Today, it will be a grim day. A visit to Tuol Sleng Prison. I bought a book on the Pol Pot Regime and I believe most Malaysians have seen the movie, The Killing Field.

The Prison was a school, hastily converted into a prison. For US$ 3, you will be left dumb-founded to understand how a fellow human can do what even animals will not do. There are stories of children (teenage Khmer Rouge soldiers) killing their own family.


Several thousand of victims (peasants, workers, technicians, engineers, doctors, teachers, students, buddhist monks, ministers, Pol Pot's Cadres, soldiers of all ranks, Cambodian Diplomatic Corps, foreigners, etc) have perished here.

What guilt would a mother with a several month old baby have done to warrant a torturing death sentence, to witness the baby thrown in the air and speared with a bayonet, and later suffered the same fate? Bliss in death for the mother.



What indoctrination can get one to enjoy pulling out the nails of one's fellow mankind with a plier?



As you make your way into this well-preserved prison, an eerie feeling and silence feel the air. There is a sign aptly telling visitors to be quiet. Actually, one need not be reminded. The place itself is not a place of joy. One will find it hard to smile, let alone laugh.

Rows and rows of well-documented black and white pictures of prisoners are displayed.

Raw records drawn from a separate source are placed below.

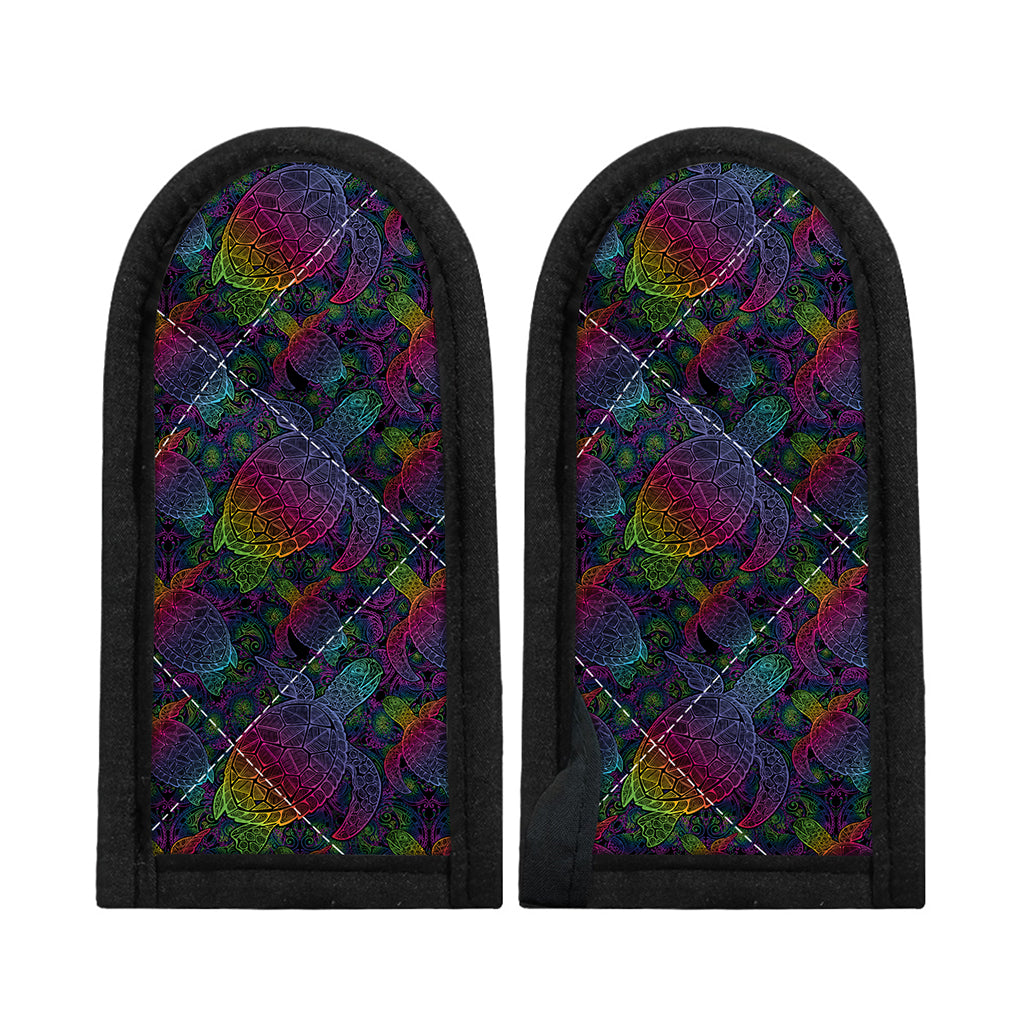 Colorful Sea Turtle Pattern Print Skillet Handle Cover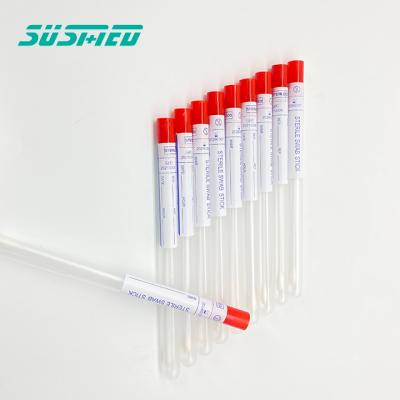 China Collection medical PP+wooden rayon nasopharyngeal swab wooden stick for sale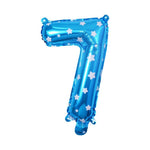 Balon din Folie Metalizata Flippy, Figurina Cifra, Imprimeu Stele, Tema Aniversare 80 cm, Ambalaj Individual, Pai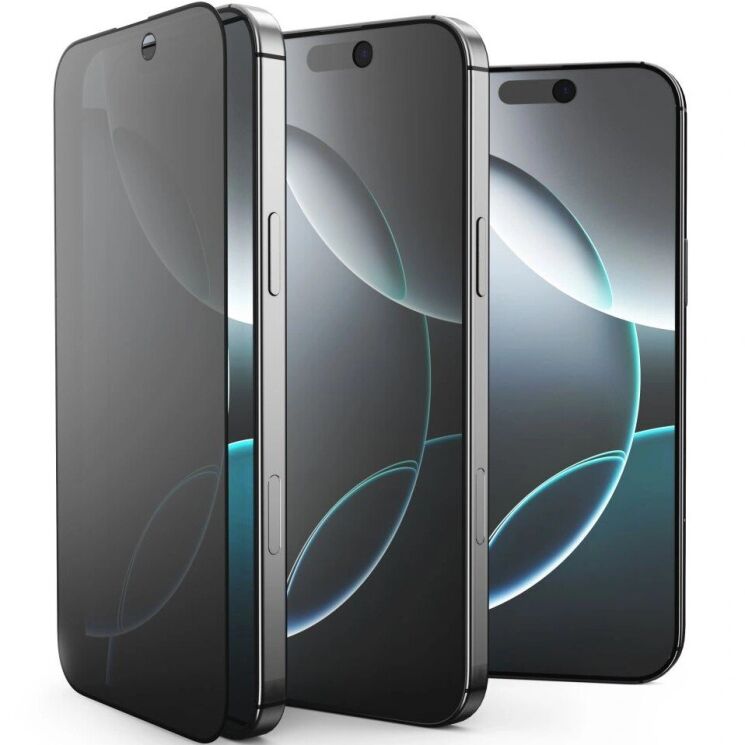 Комплект захисних стекол (2шт) Tech-Protect Glass Spy + для Samsung Galaxy S25 Edge (S937) - Black: фото 2 з 6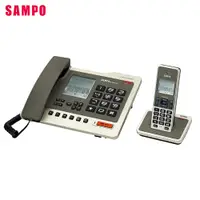 在飛比找蝦皮商城優惠-【SAMPO 聲寶】2.4G數位無線子母電話 無線電話 市內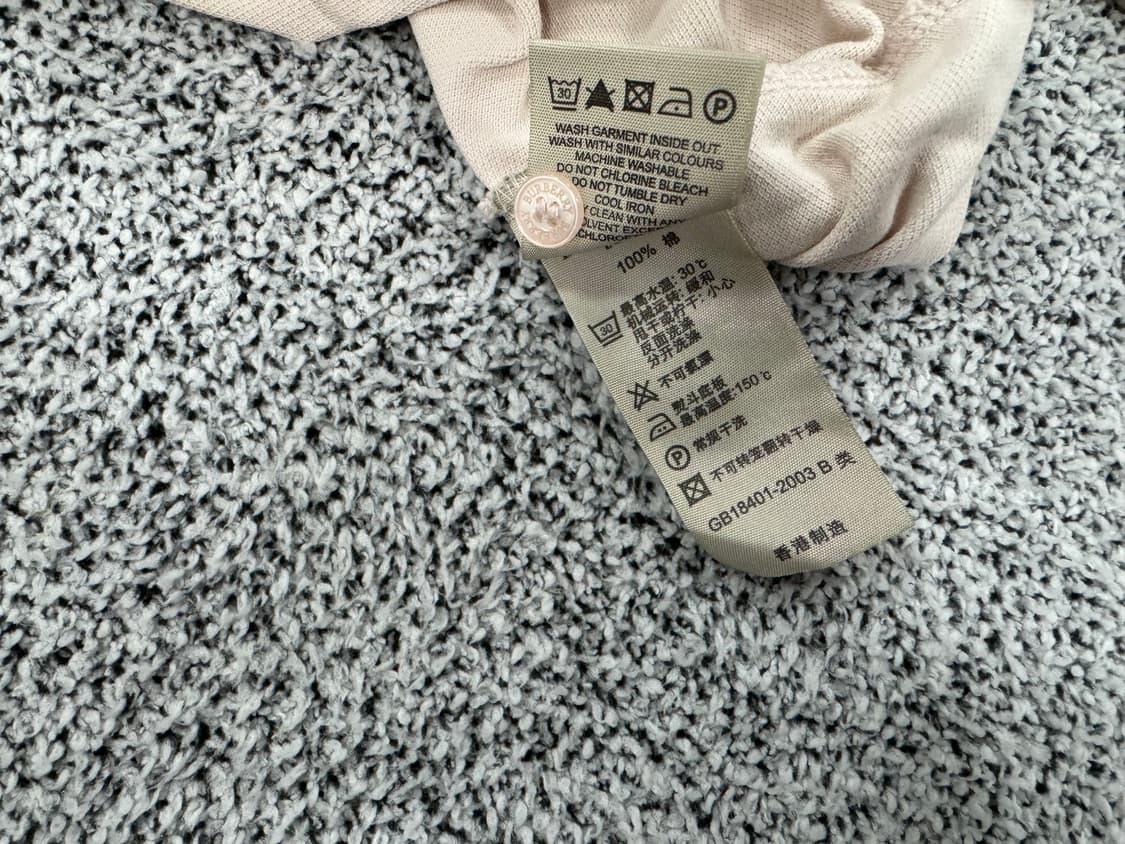 버버리 카라체크 PK긴팔티셔츠 상품이미지3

Most showed fear in their faces. All had perished, in pain.


A notice to prisoners, reproduced for visitors to apprehend reads like this :

1. While getting lashes or electrification, you must not cry at all
2. If you disobey any point of my regulations, you shall get either 10 lashes or 5 shocks of electric discharge

3. Do nothing, sit still and wait for my orders. If there is no order, keep quiet. When I ask you to do something, you must do it right away without protesting


Rows and rows of handcuffs used to clamp prisoners during torture grip your senses. And your mind will wander to that period of the Pol Pot regime.

Instruments of torture are also visibly displayed, along with photographs and artist's impression of torture.

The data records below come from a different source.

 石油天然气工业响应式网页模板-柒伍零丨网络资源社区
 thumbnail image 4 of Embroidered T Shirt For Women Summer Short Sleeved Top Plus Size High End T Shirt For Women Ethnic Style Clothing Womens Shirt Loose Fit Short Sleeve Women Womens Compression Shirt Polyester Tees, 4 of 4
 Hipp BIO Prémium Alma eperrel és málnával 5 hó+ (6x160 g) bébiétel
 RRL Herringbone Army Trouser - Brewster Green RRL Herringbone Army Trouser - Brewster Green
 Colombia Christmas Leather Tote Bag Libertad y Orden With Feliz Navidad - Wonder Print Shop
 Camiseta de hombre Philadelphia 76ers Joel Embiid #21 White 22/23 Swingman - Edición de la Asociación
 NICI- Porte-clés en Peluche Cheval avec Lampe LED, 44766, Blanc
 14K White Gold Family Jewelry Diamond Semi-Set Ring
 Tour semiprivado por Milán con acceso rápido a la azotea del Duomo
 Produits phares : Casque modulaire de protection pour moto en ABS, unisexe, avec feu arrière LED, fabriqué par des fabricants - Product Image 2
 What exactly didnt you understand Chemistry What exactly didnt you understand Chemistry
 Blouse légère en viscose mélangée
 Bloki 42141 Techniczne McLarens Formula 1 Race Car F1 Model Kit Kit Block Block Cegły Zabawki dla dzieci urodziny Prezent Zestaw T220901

Photos of human skulls and skeletons hang on the wall. To see the actual, one can visit the Killing Field itself, located about 15kms away. I chose not to.


Lonely Planet said one should visit this place last, on one's travel itinerary. Today however, is my second last day, I'm glad I didn't visit this place on my first day. But, visit you must.

1 comment:

euphoria said...

seen these images on Astro but to actually stand there as witness to historical monstrosities, I dont think I can survive emotionally unscathed.